From Roxie of Independence Lost

Household finances are in a similar, sad shape. From this editorial by Mortimer Zuckerman, editor-in-chief of U.S. News & World Report:
Yes, there are weapons of mass destruction. They are "financial weapons of mass destruction," to quote the famous investor Warren Buffett as he surveyed the morning-after wreckage of the subprime mortgage lending crisis. The continuing destruction can now be called a credit crisis—a significant escalation because credit has been the high-octane fuel powering the American economy for the past half dozen years.

[...]

People and companies are trying to cope with the debt accumulated during several years of profligate lending and spending. The real danger from a credit crunch is that everyone, from banks to corporations to households, may retrench simultaneously.
Read the entire article,"The Credit Crisis Grows," in which Mr. Zuckerman explains the vicious cyle in which our nation is enmeshed.

What remedies can be applied? Mr. Zuckerman opines as follows:
What should our economic policy be? The Federal Reserve must get ahead of the curve. Its priority must be to maintain the viability of the credit system and the flow of credit; our postmodern economy is dependent on an ongoing flow of credit.
A start—and it is no more than that—is the proposed federal effort to help the mortgage industry deal with subprime mortgages....
I have a problem with the idea of bailing out in-trouble home buyers who should have read the fine print on the mortage documents they signed and had the financial wisdom to curtail their spending. Who's going to pick up the tab of this bailout? The banks? Such a move penalized savers by proxy. The government? The government has no money except for what the government takes from the taxpayers' pockets? Yes, I feel sorry for all those whose homes are on the line. But what about those of us who have been following sound economic policies in our financial lives? Does our frugality count for nothing?

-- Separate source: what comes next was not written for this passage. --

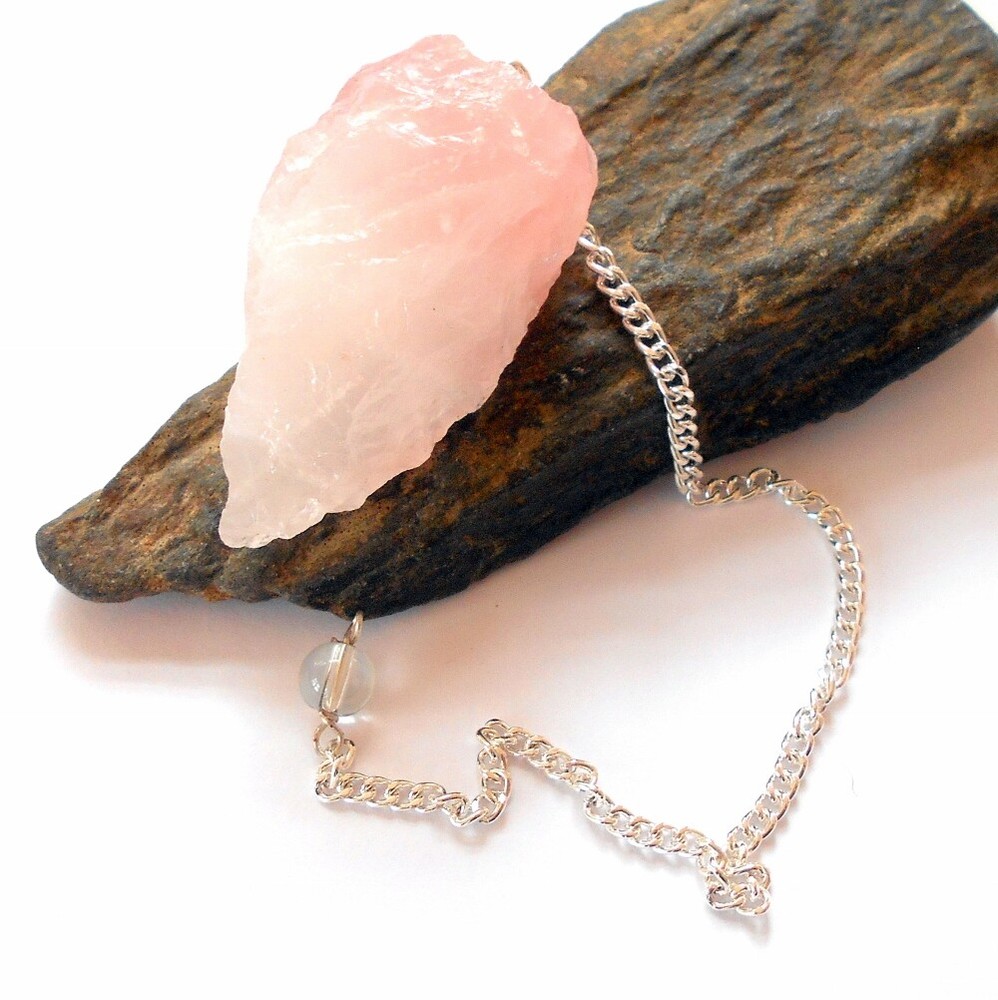 Raw Rose Quartz Gemstone Pendulum for Divination and Dowsing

A nation cannot continue to run in the red. Neither can a household. Nevertheless, Americans today seem to think that the most basic rules of finance don't apply and turn to the government to solve their problems for them. Mistake — huge mistake.

The time comes for insolvency. Living beyond one's means cannot continue forever. Furthermore, government intervention at the personal level of financial management will only serve to increase taxes and to promote nanny state.

At the end of his editorial, Mr. Zuckerman concludes with the following:
The collapse of values and the risks of the credit squeeze are the worst since the Great Depression. We are going to put the economy's resilience to a severe test.
As I see it, America may fail the test, thus no longer being a world leader in economic power. Then what?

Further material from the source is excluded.